Fox Block Development Approved

Fox Harbor LLC proposed to redevelop approximately 1.47 acres of the City-owned triangle parcel located at the corner of Harbor Blvd and Ellis Place at the November 15 City Council meeting. As an asset covered by the Long Range Property management plan, the timing of the disposition of the property is governed by the Surplus Land Act and must be completed no later than December 31, 2022 per California State Law.

The triangle parcel, located directly north of Angelo’s and Vinci’s Ristorante, is currently used as a parking lot for the area known as the central business district or Restaurant Overlay District.

The proposed structure will consist of a new single-story structure arranged in a “V” shape, with a mezzanine level spanning Ellis Place and providing a stage and outdoor dining. The new building proposes to contain about 6,830 square feet of floor space with a height of 32 feet. The building would accommodate new restaurants, a full production brewery that will produce approximately 3,000 barrels of beer per year, and a tasting bar counter.

The Planning Commission approved this project on October 26 with additional conditions including: hours of operation from 7am to 10pm, Sunday through Thursday; and 7am to 11pm on Friday and Saturday. Non-amplified ambient noise will also have the same hours. All indoor operations are to be limited to 7am to 1am.

The recommendation by the Community and Economic Development staff is to approve the development of the properties and to authorize the city manager to carry out the development terms and perform the city’s obligations.

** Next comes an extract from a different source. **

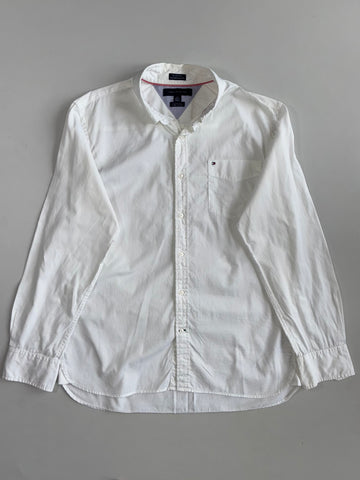 Tommy Hilfiger White 2-Ply Custom Fit Shirt (Xl)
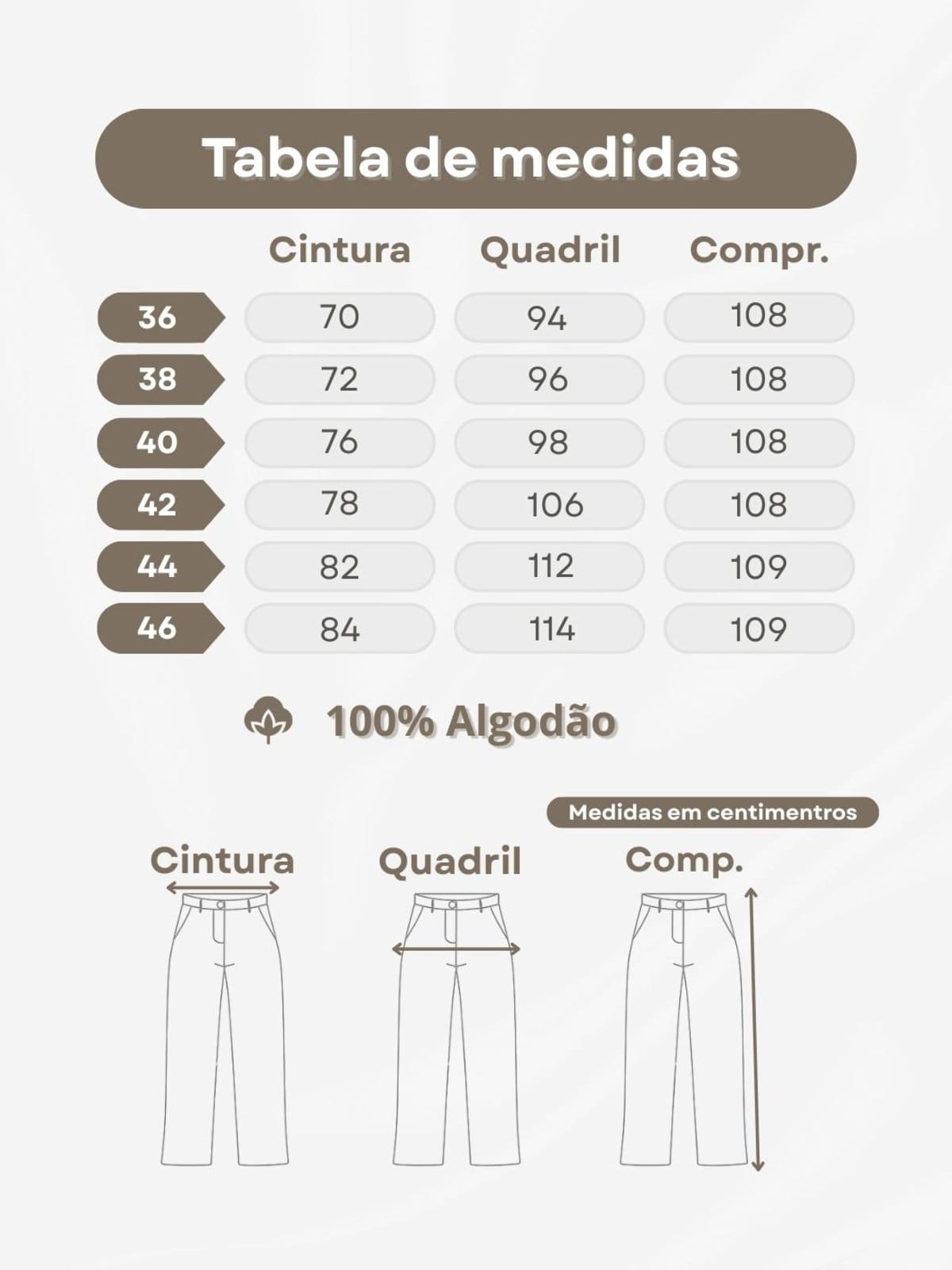 Vista 2 Calça Reta Sarja Nude Cintura Alta Feminina Crawling bege nude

During public comments, Jane Rands said, “Right now, as you know, we’re still trying to figure out our new housing element and we know that we are being sued. We know that the state has a lot of criteria that they’re putting on our city. One of those criteria is more housing, and, specifically, more affordable housing.”

“One of the best ways to achieve affordable housing is through the use of city-owned land. We have an opportunity for using city-owned land for affordable housing. I have a bit of a concern about us moving forward with the commercial project at this site. We (already) have lots of restaurants, we have a brewery. What we don’t have is the necessary housing in our community,” said Rands, “I know this is pretty far down the line, and I know that you’re coming up against a deadline for the end of the year, but I would like you to rethink this whole plan that has been moving full steam with the presumption that the best use of our public land is for more commercial usage, whereas we could have the opportunity for more affordable housing.”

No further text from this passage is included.